Did you know that according to the BPA (British Parking Association), four days a year in our lives are spent looking for a parking space, and a third of our lives are spent driving?
With the challenges Lewes has to offer, I think these figures must be based solely on our county town! Once we have navigated through what seems to be a plethora of roadworks in every direction, the tedious task of securing a spot awaits us.
Up to two hours of ‘free’ parking is offered by Tesco with its 370 spaces. Aldi and Waitrose offer one-and-a-half hours, but woe betides those of you who should exceed these limits and incur the £70 penalty charges. Laura Ashley is a whole different ball game. Clearly, however, it does demonstrate that they value the importance of their customers enough to encourage parking in situ.
Alas, the same cannot be said for the less than adequate pay and display spaces supplied by ESCC and LDC. The insufficient and overpriced areas barely support the commercial infrastructure they are so keen to extol, especially during the lead-up to Christmas.

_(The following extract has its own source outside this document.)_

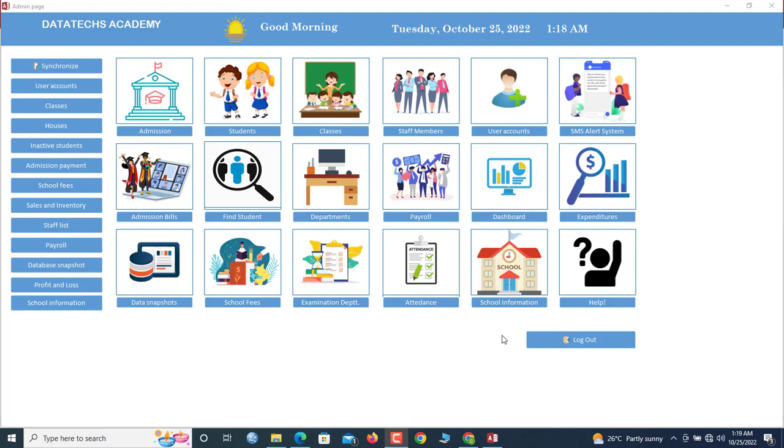Hello guys, now here we are in my school management application developed in Microsoft Access, and I'm going to show you how to admit or add students to this database. So we'll dive into it. Before you can admit students into the database, you will first have to set up your classes and then your departments, because students are segregated by classes or departments.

The privately-owned railway station car park goes one step further in its bah humbug mindset by charging the same for half an hour as for 24 hours – £6.60, by the way.
I do question why local businesses haven’t challenged this, bearing in mind the length of time cinemagoers, for example, need to park. There seems to be little or no flexibility in the town, to encourage the influx of the shopaholics, social butterflies or dining connoisseurs amongst us. Okay, so I confess to being all three.

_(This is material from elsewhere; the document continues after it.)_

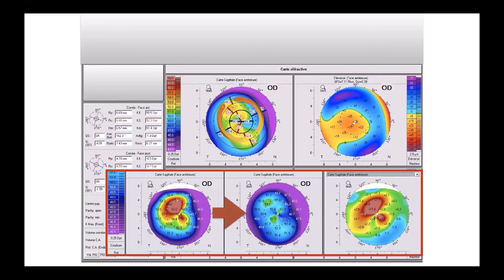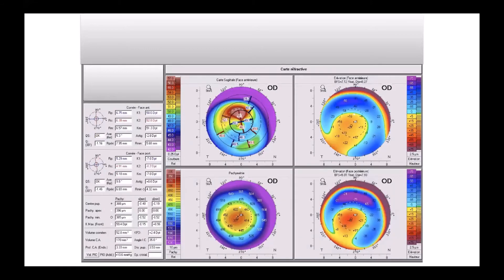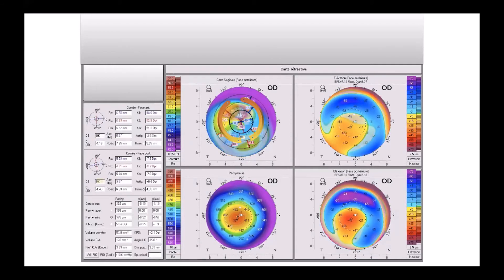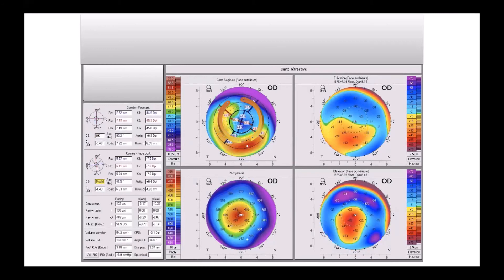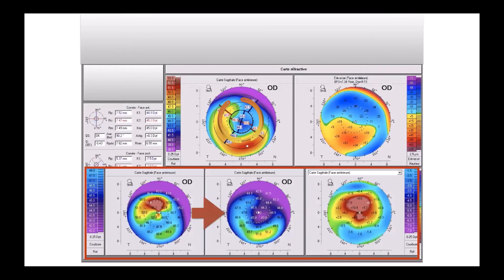These are very good examples. This is another inverted snowman with double intracorneal ring segments symmetric. Four months later: no astigmatism at about 0.3, and the differential map shows plus 10 diopters of difference, which is very good. The patient was very happy four months later.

More relevantly, I can hear all the ‘workers’ screaming at this. What about the daily cost of parking between the hours of 8 am-6 pm? For this very reason, car sharing or car pooling is on the up. Lift-sharing addresses all the negatives already highlighted, and drivers realise the positive potential of doing so. It is generally considered for long commutes, but why not make it work locally?
Larger companies frequently allocate prime car-share spaces, but how about setting aside specific areas to be applied for by car-sharers? This would surely disperse the spaces and dilute the requirement somewhat?

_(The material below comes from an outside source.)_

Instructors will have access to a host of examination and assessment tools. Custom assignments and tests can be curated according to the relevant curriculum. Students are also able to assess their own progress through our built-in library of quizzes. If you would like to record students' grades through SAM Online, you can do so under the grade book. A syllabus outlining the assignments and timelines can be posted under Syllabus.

According to the Office for National Statistics – don’t groan, this is an interesting fact – 15.3 million people in England and Wales drive themselves to work each day while only 1.4 million travel as passengers. Worth thinking about when we are sat in our empty cars queuing to get through the Culfail at 5 pm.
Apparently, lift-sharing is becoming the equivalent to bridge clubs on commuter trains. Like-minded people are making the best of a tiresome journey.
True, there is also an efficient public transport system feeding the area, and we are not averse to using taxis and Ubers (who also do UberPool), but on a day-to-day basis, what we need is more affordable charges and an increase in parking spaces.
Has anyone tried the Justpark app? This offers centrally-located parking – usually someone’s driveway – for a fraction of the cost the local authorities want to sting us for. Parkopedia is another excellent way to source both spaces and their cost, close to your desired destination. There are Apps for car-sharing too, but perhaps this should be the end of my public service announcement for today.